Ntvnews.id, Islamabad - Pemerintah Pakistan memutuskan untuk menggratiskan layanan transportasi umum di ibu kota Islamabad serta wilayah provinsi terpadatnya selama satu bulan ke depan. Kebijakan ini diambil setelah lonjakan harga bahan bakar akibat konflik Amerika Serikat dan Israel melawan Iran.
Keputusan tersebut diumumkan usai gelombang protes di jalanan serta antrean panjang sepeda motor di SPBU, yang dipicu kenaikan harga bensin sebesar 42,7 persen menjadi 485 rupee (US$1,74) per liter.
Perdana Menteri Shehbaz Sharif kemudian merevisi kebijakan tersebut pada Jumat malam dengan menurunkan harga bensin menjadi 378 rupee per liter.
"Penurunan harga ini akan berlaku setidaknya selama satu bulan," katanya dalam pidato nasional yang disiarkan televisi, dilansir dari AFP, Minggu, 5 April 2026.
Baca Juga: Menlu: Negara Berduka, Tiga Kusuma Bangsa Gugur dalam Misi Perdamaian di Lebanon
"Saya berjanji tidak akan berhenti sampai kehidupan Anda kembali normal," tambahnya.

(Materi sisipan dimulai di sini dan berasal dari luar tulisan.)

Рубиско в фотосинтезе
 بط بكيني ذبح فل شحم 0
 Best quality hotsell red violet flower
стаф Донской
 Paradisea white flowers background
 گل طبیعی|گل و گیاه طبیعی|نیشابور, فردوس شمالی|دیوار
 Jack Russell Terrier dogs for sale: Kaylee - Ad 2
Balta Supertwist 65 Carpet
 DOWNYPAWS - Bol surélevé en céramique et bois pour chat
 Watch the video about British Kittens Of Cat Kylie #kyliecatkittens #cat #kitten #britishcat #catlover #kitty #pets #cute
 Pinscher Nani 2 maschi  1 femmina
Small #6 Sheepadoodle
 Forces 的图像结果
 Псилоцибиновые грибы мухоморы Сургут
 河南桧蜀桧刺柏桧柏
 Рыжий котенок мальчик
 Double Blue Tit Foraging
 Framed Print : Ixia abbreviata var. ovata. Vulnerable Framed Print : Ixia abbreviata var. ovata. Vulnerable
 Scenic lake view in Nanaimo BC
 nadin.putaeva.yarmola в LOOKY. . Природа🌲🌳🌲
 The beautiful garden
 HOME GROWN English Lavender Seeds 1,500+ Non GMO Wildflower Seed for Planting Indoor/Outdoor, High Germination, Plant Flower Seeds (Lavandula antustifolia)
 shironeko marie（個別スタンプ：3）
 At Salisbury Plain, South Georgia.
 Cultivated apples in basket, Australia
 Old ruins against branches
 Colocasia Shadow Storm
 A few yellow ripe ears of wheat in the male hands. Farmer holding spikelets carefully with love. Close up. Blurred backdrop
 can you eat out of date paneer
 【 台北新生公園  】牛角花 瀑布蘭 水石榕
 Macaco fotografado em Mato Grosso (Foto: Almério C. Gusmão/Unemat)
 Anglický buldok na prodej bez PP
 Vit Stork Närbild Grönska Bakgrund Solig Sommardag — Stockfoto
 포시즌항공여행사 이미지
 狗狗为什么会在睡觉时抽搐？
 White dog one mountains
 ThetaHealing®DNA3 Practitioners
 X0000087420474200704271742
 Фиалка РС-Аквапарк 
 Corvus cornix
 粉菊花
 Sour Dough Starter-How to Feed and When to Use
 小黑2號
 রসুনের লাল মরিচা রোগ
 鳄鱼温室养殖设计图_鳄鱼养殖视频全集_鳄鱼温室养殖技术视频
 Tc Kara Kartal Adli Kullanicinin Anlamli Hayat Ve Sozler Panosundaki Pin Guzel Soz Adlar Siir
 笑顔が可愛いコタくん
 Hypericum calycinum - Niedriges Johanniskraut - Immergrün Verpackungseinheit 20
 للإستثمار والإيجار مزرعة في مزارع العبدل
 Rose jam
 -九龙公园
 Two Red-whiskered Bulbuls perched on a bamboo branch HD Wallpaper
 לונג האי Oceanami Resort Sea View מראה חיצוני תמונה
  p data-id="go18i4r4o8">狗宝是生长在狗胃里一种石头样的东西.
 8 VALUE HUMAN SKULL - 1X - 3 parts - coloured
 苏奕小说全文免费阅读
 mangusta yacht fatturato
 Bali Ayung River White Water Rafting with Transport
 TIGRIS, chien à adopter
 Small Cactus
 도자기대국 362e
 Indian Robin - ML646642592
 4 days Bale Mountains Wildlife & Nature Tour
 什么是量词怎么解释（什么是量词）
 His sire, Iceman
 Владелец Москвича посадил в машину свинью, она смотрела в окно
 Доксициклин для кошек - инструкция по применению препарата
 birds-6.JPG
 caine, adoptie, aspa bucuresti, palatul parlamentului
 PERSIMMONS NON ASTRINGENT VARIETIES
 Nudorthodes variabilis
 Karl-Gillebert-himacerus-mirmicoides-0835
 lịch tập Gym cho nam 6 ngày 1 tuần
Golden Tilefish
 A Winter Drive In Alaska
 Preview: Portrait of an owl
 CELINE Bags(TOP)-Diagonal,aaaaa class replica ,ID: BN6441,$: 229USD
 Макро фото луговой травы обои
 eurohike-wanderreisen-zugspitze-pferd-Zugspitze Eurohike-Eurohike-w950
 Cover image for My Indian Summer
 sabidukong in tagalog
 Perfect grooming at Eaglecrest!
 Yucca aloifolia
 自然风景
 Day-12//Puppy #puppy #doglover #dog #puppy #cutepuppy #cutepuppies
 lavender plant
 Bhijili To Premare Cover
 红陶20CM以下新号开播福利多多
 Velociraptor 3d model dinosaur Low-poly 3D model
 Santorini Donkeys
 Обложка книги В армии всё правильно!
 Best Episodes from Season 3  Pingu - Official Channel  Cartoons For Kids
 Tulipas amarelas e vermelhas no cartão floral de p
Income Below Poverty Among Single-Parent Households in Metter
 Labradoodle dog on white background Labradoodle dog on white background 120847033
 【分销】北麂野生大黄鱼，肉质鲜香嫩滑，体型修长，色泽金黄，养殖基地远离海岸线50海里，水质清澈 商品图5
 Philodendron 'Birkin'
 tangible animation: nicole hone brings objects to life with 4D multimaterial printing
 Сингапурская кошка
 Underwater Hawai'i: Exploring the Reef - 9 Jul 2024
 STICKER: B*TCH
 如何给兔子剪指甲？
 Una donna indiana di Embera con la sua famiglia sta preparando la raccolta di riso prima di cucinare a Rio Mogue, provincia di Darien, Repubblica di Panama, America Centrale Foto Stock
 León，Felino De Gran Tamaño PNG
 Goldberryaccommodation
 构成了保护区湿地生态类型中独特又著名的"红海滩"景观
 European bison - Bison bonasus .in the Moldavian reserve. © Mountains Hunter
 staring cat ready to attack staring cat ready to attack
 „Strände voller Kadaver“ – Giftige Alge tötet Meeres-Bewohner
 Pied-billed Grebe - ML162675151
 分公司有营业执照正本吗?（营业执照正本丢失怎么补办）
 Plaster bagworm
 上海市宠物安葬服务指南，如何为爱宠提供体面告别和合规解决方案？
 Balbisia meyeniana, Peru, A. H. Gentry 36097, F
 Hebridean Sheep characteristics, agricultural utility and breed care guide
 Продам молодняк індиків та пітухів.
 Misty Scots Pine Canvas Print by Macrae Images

Namun demikian, harga solar tidak mengalami penurunan dan tetap berada di angka 520 rupee per liter setelah sebelumnya naik 54,9 persen.
Menteri Dalam Negeri Mohsin Naqvi menyampaikan bahwa seluruh transportasi umum di Islamabad akan digratiskan selama 30 hari mulai Sabtu.
Pemerintah disebut akan menanggung beban anggaran sekitar 350 juta rupee untuk kebijakan tersebut.
Di sisi lain, Menteri Utama Provinsi Punjab, Maryam Nawaz Sharif, juga menghapus tarif transportasi umum milik negara serta mengumumkan subsidi khusus bagi truk dan bus.
Sharif turut mengimbau para operator transportasi agar tidak membebankan kenaikan biaya kepada penumpang. "Kami berjanji untuk meringankan beban ekonomi masyarakat segera setelah kondisi membaik," ujarnya.
Sementara itu, pemerintah Provinsi Sindh di kota Karachi juga mengumumkan subsidi serupa bagi pengendara sepeda motor dan petani kecil.
Kenaikan harga energi ini dipicu oleh konflik yang pecah sejak 28 Februari, yang turut mengganggu stabilitas kawasan Timur Tengah. Serangan balasan Iran ke berbagai target di wilayah Teluk bahkan berdampak pada terganggunya jalur distribusi energi global di Selat Hormuz, yang selama ini dilalui sekitar seperlima pasokan minyak dunia.